Fatima Rodriguez, MD (Stanford University School of Medicine, CA), who wasn’t involved in the study, said that if a patient has a family history of “early and aggressive” ASCVD but their estimated risk of disease is low according to the American College of Cardiology/American Heart Association (ACC/AHA) pooled cohort equations, she will request a CAC scan to help with the treatment decision, using the information alongside other risk markers, such as lipoprotein(a). If the CAC scan will not change treatment, such as in a patient with diabetes who should already be on a statin anyway, she won’t bother with the test. CAC can also be a tool to help identify high-risk patients who might benefit from primary prevention with aspirin, she added.

“However, the cost is not covered by most insurance companies, so patients must pay an out-of-pocket,” she told TCTMD via email. “This study adds to the growing literature that suggests that risk assessment with CAC is cost-effective and should be covered by insurance companies, particularly in patients where treatment decisions are uncertain.”

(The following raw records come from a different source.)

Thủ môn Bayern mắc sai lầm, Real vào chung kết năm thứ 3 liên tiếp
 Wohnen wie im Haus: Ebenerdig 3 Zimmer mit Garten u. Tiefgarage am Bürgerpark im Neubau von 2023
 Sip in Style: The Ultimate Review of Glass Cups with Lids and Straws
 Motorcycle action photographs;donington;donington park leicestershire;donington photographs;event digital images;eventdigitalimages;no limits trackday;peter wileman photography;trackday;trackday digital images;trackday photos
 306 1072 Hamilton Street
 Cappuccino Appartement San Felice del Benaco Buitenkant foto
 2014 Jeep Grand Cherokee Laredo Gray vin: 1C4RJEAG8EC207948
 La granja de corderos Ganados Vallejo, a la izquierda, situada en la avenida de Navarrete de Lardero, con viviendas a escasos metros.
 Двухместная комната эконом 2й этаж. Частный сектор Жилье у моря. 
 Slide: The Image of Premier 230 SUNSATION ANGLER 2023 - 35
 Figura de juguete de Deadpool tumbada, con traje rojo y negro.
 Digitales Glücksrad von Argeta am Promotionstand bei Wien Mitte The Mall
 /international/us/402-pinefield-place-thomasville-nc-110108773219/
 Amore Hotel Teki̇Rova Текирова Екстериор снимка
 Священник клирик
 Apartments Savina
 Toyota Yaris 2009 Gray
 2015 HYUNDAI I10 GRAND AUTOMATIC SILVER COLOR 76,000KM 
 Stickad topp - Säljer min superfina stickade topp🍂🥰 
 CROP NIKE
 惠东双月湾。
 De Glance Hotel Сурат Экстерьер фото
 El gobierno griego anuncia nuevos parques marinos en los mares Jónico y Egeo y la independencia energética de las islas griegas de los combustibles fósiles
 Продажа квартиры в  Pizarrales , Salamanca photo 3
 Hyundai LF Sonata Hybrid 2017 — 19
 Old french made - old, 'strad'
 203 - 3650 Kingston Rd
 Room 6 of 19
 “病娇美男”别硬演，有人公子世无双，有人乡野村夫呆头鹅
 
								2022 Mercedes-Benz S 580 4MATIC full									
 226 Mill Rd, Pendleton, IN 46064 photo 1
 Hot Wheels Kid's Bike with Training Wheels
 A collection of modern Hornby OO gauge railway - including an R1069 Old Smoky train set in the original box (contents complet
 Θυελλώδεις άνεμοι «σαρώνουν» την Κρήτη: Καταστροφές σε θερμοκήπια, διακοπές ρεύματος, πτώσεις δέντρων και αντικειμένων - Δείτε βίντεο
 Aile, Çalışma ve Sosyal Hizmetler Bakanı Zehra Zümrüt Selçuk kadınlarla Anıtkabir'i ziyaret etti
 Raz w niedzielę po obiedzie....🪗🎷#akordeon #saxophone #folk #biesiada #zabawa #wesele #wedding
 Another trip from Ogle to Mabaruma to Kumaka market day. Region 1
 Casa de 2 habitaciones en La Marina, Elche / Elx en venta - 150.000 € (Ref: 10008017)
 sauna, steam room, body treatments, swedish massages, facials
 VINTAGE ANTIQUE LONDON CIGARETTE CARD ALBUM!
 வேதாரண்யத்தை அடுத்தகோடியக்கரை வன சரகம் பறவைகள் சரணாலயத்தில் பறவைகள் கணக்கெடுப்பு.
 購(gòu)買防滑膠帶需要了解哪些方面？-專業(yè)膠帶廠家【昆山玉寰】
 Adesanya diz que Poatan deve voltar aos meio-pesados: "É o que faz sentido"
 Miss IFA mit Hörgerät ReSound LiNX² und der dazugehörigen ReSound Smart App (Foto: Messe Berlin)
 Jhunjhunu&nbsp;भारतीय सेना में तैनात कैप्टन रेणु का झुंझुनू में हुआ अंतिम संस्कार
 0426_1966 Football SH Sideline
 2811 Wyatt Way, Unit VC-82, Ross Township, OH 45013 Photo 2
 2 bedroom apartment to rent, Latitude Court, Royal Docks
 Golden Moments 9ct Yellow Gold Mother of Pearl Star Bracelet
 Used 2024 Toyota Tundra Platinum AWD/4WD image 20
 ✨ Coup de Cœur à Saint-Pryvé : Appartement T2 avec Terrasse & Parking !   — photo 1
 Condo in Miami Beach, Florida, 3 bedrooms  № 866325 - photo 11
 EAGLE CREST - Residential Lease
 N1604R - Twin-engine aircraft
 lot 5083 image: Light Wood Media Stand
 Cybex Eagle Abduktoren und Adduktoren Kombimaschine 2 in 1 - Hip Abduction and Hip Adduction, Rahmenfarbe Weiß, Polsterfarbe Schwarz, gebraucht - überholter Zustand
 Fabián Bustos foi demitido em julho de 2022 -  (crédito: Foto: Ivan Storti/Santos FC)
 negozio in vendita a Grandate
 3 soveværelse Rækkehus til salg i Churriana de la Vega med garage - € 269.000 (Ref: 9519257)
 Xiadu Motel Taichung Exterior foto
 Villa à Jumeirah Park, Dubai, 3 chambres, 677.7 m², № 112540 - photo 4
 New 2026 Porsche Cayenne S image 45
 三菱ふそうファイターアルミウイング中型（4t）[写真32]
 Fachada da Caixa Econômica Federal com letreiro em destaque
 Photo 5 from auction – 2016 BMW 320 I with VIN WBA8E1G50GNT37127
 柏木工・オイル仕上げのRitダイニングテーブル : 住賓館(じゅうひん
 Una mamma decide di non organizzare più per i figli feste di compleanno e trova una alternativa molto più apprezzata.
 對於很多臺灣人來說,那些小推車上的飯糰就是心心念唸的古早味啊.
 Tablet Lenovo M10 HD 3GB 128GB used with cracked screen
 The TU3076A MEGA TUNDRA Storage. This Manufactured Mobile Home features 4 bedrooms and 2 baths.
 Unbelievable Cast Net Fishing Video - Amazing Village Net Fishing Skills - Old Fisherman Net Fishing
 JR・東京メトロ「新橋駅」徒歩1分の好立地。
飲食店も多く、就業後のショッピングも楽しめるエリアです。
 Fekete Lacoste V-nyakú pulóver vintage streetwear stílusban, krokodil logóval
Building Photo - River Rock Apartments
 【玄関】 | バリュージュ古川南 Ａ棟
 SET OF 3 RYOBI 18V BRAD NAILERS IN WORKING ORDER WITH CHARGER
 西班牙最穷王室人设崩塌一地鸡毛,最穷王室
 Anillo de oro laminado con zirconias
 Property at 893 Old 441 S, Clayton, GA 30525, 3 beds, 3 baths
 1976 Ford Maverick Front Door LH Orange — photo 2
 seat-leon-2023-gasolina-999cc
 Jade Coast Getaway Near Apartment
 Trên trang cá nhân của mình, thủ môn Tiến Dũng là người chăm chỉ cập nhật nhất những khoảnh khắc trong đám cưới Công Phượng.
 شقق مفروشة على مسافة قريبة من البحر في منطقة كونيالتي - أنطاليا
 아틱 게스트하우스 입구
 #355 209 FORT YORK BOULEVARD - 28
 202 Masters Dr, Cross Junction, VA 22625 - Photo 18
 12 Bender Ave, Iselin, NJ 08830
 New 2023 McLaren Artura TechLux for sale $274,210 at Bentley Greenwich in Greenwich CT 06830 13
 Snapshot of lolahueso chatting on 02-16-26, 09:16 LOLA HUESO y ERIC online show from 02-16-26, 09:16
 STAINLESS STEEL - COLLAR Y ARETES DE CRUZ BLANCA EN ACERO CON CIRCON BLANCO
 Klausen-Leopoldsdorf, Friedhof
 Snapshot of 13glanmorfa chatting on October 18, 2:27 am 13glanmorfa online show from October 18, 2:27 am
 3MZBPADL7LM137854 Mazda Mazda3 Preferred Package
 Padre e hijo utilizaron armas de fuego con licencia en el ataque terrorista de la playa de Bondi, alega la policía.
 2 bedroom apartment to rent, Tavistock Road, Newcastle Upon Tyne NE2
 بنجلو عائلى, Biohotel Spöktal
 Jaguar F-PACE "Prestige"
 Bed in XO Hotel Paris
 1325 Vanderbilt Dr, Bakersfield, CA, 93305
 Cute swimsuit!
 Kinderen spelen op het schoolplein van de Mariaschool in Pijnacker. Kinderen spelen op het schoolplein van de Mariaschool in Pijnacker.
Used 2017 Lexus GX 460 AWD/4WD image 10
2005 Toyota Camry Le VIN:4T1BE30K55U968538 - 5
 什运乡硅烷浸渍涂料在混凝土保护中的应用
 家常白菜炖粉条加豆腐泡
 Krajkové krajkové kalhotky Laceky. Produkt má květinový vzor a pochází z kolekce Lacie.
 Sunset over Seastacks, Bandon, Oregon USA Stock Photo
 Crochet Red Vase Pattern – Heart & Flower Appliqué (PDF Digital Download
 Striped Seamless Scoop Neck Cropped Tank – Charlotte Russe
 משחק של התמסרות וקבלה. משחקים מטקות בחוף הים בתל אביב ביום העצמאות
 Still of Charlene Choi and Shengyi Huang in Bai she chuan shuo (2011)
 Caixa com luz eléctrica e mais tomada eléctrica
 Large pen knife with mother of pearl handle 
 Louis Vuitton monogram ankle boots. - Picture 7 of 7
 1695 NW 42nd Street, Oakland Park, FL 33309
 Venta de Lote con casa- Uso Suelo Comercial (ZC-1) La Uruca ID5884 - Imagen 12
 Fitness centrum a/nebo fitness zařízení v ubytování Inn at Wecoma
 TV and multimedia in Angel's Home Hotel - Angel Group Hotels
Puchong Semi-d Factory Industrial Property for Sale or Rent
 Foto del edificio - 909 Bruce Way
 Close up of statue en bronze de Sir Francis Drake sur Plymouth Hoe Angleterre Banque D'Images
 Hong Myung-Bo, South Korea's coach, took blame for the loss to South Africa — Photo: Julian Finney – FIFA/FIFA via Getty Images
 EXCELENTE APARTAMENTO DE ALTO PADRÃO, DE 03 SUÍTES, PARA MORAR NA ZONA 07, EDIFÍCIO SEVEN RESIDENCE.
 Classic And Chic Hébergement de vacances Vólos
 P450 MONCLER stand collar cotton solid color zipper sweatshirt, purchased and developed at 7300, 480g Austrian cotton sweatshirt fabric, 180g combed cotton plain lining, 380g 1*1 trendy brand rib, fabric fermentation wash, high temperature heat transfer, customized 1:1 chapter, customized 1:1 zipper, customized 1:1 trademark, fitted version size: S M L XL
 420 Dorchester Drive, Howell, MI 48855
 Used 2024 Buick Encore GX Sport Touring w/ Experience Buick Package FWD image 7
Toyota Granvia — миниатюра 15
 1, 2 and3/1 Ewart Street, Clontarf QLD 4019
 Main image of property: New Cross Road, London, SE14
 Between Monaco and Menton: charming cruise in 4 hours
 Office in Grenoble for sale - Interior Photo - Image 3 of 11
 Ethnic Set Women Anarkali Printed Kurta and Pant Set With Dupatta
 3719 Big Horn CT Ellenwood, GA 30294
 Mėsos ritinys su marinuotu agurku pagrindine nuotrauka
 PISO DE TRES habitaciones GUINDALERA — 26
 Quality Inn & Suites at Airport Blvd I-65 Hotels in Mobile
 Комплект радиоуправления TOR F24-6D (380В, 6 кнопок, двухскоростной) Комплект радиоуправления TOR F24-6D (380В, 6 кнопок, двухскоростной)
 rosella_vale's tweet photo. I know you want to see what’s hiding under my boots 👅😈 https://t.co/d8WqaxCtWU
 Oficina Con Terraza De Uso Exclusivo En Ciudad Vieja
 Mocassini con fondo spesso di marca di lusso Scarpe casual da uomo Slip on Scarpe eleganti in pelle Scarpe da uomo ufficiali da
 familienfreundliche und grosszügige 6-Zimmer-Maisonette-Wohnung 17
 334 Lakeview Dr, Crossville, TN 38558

Similarly, Howard Weintraub, MD (NYU Grossman School of Medicine, New York, NY), said he frequently relies on family history, Lp(a), and CAC to guide treatment decisions in primary prevention, noting that CAC can be a good motivating visual for “statin-reluctant” patients. “Remember, CAC is usually not covered [by payers] so we have to convince the patient to pay $100 to $150, which is usually not a major problem but sometimes a real issue,” he said.

CAC as a Risk Enhancer

Both the primary prevention and cholesterol guidelines from the ACC/AHA recommend pooled cohort equations as the main tool to assess ASCVD risk, although the equations are known to have flaws when used in certain patient populations. The latest iteration of the guidelines introduced CAC scoring to help refine primary prevention risk assessment, particularly for those with a borderline or intermediate risk of CVD. The absence of calcium—the so-called “power of zero”—has been shown in several studies to identify patients at a very low risk of ASCVD.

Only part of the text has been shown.